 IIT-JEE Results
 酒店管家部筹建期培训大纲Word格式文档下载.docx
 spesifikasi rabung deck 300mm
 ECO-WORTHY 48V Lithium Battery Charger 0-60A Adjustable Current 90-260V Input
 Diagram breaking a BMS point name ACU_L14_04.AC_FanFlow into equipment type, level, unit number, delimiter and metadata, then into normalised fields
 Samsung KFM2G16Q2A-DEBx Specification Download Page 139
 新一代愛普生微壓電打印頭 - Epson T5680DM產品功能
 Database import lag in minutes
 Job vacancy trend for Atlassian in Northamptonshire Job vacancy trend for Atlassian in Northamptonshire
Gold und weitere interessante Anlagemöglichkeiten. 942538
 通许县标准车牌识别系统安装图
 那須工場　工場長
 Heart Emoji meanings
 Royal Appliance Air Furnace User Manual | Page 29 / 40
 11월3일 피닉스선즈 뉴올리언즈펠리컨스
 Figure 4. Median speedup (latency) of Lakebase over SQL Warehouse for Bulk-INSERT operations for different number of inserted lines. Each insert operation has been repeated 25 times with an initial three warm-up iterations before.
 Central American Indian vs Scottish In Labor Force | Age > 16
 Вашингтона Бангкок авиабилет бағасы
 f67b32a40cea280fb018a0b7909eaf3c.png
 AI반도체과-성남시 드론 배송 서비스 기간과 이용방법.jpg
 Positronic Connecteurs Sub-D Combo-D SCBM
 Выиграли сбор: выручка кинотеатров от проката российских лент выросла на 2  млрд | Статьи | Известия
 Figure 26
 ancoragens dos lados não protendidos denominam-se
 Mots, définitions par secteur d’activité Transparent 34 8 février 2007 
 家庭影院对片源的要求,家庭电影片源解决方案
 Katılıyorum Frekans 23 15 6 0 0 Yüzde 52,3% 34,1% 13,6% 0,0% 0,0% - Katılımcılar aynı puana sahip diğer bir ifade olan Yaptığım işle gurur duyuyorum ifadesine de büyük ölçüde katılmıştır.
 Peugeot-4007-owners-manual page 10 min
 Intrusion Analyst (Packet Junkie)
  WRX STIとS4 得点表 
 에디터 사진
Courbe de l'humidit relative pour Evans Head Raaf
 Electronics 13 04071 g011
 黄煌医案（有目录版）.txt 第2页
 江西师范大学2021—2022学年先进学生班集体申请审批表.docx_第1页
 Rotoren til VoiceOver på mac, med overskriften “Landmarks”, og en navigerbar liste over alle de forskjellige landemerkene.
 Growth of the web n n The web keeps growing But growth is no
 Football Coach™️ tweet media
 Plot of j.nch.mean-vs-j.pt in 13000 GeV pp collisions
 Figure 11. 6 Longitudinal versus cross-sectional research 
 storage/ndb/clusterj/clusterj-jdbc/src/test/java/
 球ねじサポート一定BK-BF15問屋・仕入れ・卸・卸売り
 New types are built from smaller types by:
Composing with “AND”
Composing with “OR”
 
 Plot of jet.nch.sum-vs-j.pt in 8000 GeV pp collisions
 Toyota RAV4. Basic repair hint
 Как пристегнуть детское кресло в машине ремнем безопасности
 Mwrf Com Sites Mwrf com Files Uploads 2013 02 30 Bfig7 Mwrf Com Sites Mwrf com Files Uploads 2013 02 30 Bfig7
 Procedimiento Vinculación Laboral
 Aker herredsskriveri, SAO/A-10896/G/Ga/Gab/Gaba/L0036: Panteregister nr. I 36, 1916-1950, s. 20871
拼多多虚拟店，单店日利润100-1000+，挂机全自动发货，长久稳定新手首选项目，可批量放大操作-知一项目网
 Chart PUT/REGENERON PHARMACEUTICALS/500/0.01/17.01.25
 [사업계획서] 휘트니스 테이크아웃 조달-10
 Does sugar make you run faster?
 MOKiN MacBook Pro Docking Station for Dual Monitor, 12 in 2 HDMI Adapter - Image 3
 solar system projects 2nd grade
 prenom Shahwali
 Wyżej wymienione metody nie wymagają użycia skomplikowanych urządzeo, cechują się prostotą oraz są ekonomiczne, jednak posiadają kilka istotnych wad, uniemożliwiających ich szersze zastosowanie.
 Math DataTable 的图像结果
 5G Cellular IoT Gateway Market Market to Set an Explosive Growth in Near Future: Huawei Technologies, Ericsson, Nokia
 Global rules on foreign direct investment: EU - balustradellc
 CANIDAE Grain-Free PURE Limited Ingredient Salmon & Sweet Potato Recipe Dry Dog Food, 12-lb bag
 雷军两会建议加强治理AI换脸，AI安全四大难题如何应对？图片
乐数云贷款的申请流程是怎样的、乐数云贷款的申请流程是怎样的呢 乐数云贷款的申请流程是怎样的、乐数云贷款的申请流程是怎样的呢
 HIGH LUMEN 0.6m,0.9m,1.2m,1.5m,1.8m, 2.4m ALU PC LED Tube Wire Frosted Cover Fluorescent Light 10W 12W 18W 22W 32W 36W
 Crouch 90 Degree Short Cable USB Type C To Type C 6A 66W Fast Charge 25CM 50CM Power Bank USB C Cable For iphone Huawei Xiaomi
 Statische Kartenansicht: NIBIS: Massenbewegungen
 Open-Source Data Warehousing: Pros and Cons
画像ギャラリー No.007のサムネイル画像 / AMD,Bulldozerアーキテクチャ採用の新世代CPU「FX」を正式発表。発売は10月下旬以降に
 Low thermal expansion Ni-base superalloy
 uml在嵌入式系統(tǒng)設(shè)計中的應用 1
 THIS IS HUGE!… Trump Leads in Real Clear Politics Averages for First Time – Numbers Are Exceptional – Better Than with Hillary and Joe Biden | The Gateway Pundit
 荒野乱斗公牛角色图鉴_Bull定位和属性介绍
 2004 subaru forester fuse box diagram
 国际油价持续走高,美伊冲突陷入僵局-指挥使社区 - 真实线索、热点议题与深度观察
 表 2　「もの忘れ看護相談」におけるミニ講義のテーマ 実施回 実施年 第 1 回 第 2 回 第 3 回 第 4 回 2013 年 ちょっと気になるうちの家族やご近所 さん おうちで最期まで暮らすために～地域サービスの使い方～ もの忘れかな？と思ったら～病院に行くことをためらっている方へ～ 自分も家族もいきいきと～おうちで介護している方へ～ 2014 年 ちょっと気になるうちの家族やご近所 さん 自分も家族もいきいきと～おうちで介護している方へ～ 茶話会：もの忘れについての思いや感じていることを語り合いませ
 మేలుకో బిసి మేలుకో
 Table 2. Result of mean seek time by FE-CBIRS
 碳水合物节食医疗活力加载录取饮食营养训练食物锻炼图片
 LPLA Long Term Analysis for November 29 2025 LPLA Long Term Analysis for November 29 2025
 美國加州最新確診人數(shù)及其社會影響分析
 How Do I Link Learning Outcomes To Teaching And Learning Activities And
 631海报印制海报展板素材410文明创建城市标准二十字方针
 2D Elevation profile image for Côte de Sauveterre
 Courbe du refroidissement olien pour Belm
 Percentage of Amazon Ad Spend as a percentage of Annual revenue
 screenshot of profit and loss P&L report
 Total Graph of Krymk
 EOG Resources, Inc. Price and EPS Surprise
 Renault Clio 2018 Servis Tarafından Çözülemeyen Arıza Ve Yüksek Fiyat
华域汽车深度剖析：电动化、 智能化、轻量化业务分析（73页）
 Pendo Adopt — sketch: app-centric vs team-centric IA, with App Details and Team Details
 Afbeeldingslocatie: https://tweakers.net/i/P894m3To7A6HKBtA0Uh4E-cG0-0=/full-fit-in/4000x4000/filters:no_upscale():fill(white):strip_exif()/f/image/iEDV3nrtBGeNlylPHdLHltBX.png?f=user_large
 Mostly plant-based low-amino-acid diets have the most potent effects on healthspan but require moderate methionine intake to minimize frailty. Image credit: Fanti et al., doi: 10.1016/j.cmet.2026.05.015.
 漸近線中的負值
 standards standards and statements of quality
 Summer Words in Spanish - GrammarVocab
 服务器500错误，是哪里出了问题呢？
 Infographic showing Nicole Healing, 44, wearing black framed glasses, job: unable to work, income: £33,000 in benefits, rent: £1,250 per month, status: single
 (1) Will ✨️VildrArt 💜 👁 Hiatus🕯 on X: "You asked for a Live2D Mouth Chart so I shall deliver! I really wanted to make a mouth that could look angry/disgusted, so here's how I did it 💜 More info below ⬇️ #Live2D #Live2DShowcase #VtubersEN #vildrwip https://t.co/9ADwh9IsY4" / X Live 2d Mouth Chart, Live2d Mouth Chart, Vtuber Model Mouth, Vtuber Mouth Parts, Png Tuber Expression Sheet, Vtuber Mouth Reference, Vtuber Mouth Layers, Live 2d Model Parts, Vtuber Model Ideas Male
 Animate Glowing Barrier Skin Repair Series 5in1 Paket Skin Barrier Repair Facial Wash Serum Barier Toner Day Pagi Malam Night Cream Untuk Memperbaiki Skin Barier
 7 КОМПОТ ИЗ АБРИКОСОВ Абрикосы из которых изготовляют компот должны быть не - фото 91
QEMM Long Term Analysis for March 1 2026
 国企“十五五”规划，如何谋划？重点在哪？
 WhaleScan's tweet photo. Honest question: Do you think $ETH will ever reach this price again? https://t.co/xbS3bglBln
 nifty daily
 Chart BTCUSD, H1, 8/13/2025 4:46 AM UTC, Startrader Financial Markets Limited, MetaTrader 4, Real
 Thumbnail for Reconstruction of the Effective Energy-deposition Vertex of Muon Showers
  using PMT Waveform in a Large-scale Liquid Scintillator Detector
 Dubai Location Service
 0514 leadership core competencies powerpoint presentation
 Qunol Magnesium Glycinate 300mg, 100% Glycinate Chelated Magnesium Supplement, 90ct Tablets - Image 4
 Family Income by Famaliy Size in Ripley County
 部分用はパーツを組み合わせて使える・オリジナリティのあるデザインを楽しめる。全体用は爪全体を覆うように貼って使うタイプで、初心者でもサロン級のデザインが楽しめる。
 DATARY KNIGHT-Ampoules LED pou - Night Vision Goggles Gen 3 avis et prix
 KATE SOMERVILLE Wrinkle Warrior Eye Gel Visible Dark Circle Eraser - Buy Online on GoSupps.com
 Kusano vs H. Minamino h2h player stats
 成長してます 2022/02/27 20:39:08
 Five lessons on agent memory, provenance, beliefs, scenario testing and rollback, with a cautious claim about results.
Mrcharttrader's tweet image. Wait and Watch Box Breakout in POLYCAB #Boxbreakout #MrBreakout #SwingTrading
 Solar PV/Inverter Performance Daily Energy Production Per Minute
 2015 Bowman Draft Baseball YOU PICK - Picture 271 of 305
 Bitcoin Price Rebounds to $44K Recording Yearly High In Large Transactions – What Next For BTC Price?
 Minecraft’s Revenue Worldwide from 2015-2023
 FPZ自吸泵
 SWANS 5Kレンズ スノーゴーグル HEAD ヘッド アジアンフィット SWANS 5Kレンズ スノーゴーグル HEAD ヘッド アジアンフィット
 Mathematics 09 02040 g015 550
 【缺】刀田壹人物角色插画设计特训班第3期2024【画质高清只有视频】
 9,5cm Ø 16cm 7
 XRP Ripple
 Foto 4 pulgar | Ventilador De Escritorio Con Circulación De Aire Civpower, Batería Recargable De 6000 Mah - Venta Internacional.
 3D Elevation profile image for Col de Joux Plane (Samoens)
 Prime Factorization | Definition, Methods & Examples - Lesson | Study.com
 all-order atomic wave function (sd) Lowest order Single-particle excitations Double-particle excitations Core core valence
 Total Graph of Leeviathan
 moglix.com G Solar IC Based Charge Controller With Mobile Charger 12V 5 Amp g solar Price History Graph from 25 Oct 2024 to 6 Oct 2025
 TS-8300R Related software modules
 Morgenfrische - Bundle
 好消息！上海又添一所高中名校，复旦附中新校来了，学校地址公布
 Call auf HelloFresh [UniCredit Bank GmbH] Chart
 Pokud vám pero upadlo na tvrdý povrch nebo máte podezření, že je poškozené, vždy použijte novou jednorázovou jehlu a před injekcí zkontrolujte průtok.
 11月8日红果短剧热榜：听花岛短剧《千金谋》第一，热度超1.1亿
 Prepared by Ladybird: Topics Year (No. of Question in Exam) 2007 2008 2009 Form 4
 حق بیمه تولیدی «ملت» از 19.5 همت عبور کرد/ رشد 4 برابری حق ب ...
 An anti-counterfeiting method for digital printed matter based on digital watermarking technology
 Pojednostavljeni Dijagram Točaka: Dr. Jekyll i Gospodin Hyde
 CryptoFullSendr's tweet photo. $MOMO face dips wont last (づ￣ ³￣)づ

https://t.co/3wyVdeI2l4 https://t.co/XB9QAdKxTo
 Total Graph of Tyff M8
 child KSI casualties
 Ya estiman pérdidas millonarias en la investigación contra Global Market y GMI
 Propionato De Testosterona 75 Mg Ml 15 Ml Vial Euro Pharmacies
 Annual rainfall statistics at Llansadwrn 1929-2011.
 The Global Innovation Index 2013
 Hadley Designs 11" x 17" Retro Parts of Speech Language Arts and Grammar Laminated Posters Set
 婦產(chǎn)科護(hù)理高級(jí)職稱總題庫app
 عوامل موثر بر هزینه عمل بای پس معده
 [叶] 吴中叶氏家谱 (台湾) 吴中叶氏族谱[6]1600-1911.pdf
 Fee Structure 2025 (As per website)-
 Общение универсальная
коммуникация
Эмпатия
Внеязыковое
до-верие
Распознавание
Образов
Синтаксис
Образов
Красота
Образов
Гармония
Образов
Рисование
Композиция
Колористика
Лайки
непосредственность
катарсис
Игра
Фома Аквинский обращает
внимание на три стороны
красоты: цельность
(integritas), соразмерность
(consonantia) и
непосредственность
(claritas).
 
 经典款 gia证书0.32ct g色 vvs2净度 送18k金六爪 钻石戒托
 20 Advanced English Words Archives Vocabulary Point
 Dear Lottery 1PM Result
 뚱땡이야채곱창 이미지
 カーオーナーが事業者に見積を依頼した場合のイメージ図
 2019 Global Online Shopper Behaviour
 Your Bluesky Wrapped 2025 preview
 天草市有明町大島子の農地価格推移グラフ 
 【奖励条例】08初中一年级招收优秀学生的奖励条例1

________________

# [PROMPT]
Look in the material above for the line with "(1) Will ✨️VildrArt" and the line with "Five lessons on", and transcribe exactly those lines and all lines between them, nothing more.

# [RESULT OF THIS EXERCISE]
 (1) Will ✨️VildrArt 💜 👁 Hiatus🕯 on X: "You asked for a Live2D Mouth Chart so I shall deliver! I really wanted to make a mouth that could look angry/disgusted, so here's how I did it 💜 More info below ⬇️ #Live2D #Live2DShowcase #VtubersEN #vildrwip https://t.co/9ADwh9IsY4" / X Live 2d Mouth Chart, Live2d Mouth Chart, Vtuber Model Mouth, Vtuber Mouth Parts, Png Tuber Expression Sheet, Vtuber Mouth Reference, Vtuber Mouth Layers, Live 2d Model Parts, Vtuber Model Ideas Male
 Animate Glowing Barrier Skin Repair Series 5in1 Paket Skin Barrier Repair Facial Wash Serum Barier Toner Day Pagi Malam Night Cream Untuk Memperbaiki Skin Barier
 7 КОМПОТ ИЗ АБРИКОСОВ Абрикосы из которых изготовляют компот должны быть не - фото 91
QEMM Long Term Analysis for March 1 2026
 国企“十五五”规划，如何谋划？重点在哪？
 WhaleScan's tweet photo. Honest question: Do you think $ETH will ever reach this price again? https://t.co/xbS3bglBln
 nifty daily
 Chart BTCUSD, H1, 8/13/2025 4:46 AM UTC, Startrader Financial Markets Limited, MetaTrader 4, Real
 Thumbnail for Reconstruction of the Effective Energy-deposition Vertex of Muon Showers
  using PMT Waveform in a Large-scale Liquid Scintillator Detector
 Dubai Location Service
 0514 leadership core competencies powerpoint presentation
 Qunol Magnesium Glycinate 300mg, 100% Glycinate Chelated Magnesium Supplement, 90ct Tablets - Image 4
 Family Income by Famaliy Size in Ripley County
 部分用はパーツを組み合わせて使える・オリジナリティのあるデザインを楽しめる。全体用は爪全体を覆うように貼って使うタイプで、初心者でもサロン級のデザインが楽しめる。
 DATARY KNIGHT-Ampoules LED pou - Night Vision Goggles Gen 3 avis et prix
 KATE SOMERVILLE Wrinkle Warrior Eye Gel Visible Dark Circle Eraser - Buy Online on GoSupps.com
 Kusano vs H. Minamino h2h player stats
 成長してます 2022/02/27 20:39:08
 Five lessons on agent memory, provenance, beliefs, scenario testing and rollback, with a cautious claim about results.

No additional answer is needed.